Research has shown this is one of the only Enteroviruses to be destroyed by heat. Drinking hot chocolate, herbal tea, hot soup etc can be enough to stop this virus in it's tracks. This also includes body temperature. Don't be so quick to give a feverish child Acetaminophen or Ibuprofen, as the fever may disable the virus.
2. Eating Acidic Foods
Also unique to this virus, is the ability for acid to disable it on the spot. Anything with a PH of 3 will do the trick. A teaspoon of apple cider vinegar, squeeze of lemon can be enough to prevent EV D68. Even fruit such as citrus oranges, blueberries, or even an apple can have enough acid to promote health. If your child has been exposed, or cold symptoms are starting, add fruit to every meal. Young children can have applesauce, or orange juice.
3. Hand-washing at least 20 seconds
As with all Enteroviruses, hand-washing is your friend. Minimum 20 seconds with fairly warm water and soap is required to stop the spread of the disease. Alcohol gel has been shown less effective in killing the virus, so hand-washing is preferred. Hot cloth to wipe down toys, door handles etc in young children's environments it crucial. It is recommended that hand washing be part of a routine 5-6 times per day, especially in school and day care settings.
4. Hands Away from the Face
Avoid touching your nose, eyes or mouth with unwashed hands at all costs. This is very hard for young children to do, but try to stress this from a young age for overall health and preventing diseases spreading. Don’t share cups, straws or utensils. Make sure children's pacifiers are clean. Use the dishwasher sanitary cycle if possible. Any frequently touched items need to stay clean, even computers, remote controls, etc.
5. For Children with Asthma, Use a Peak Flow Meter
Parents of children with Asthma should already own one of these very inexpensive little devices. It measures how fast air comes out of lungs when forcefully exhaling after full deep breath in. This tool helps asthmatics keep their disease in check by detecting an airway problem. In fact a change can predict onset of asthma attack hours to days ahead of time.

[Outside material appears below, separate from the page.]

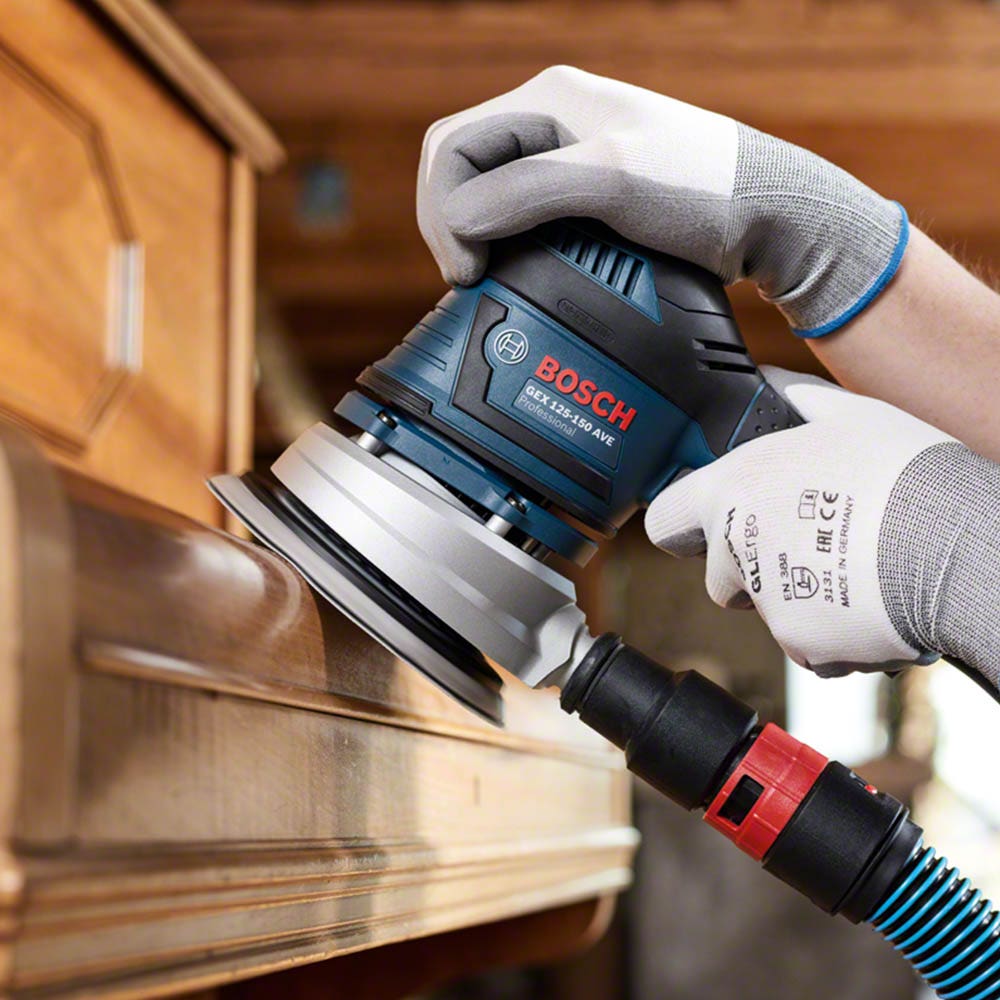 BOSCH 93mm 120-Grit 6-Hole Hook & Loop Delta Sanding Sheet for Wood & Paint - C470 - 5 Piece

This can be used the detect a rapid change in a child with Enterovirus, to determine if medical attention is needed. If your child has asthma, now would be a good time to buy one of these tools.
Are you worried about Enterovirus D68 affecting one of your loved ones?

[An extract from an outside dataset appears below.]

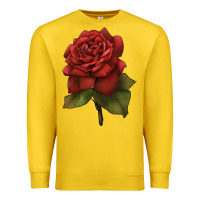 Lemon Oklahoma Rose Illustrations Premium Sweatshirt - LillyAllenDesigns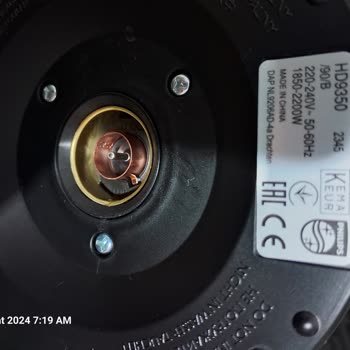 PHILIPS Ev Aletleri Philips HD9350/90 Daily Collection Su Isıtıcı Tabanı Yandı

When to Seek Medical Attention
Seek medical attention if there is a rapid deterioration in the child's health, especially if breathing becomes labored. Surprisingly, even in the asthmatic children, wheezing does not seem to be a symptom. The children just describe having difficulty breathing, as if they are drowning. This is why the typical bronchial dilators do not seem to help in these cases.

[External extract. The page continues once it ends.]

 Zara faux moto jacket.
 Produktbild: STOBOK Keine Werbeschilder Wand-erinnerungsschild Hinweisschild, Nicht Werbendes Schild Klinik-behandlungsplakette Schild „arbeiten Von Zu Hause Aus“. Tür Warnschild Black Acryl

Any sign of muscle paralysis, even if the cold like symptoms have resolved.
Note, these changes can occur rapidly, so be on alert when putting a sick child to bed. Do several checks during the night to ensure there is no deterioration in breathing.
Latest News about Enterovirus D68
The CDC claims there is no paralysis or muscle weakness associated with this virus, but there have been about 10 cases reported in North America. Notably 2 in British Columbia Canada where the young teens seemed to recover from the cold like symptoms, only to later come down with single arm paralysis, requiring hospitalization.
There have been no confirmed deaths for the Enterovirus D68, but there are 3 cases where a child has died that are being investigated for the possibility of linking the disease to cause of death.
Update October 2, 2014:
The CDC now confirms 500 cases in the USA with 42 states now having positive patients. 4 deaths officially have tested positive for EV D68, but it is not yet clear if enterovirus can be blamed for the cause of death.
Cases with paralysis are increasing. Canada now has 4 children hospitalized in Calgary Alberta with confirmed EV D68 and paralysis, on top of 2 cases in BC. Colorado has had 10 cases with paralysis, as well as Boston and Michigan. The CDC still has not confirmed EV D68 is to blame.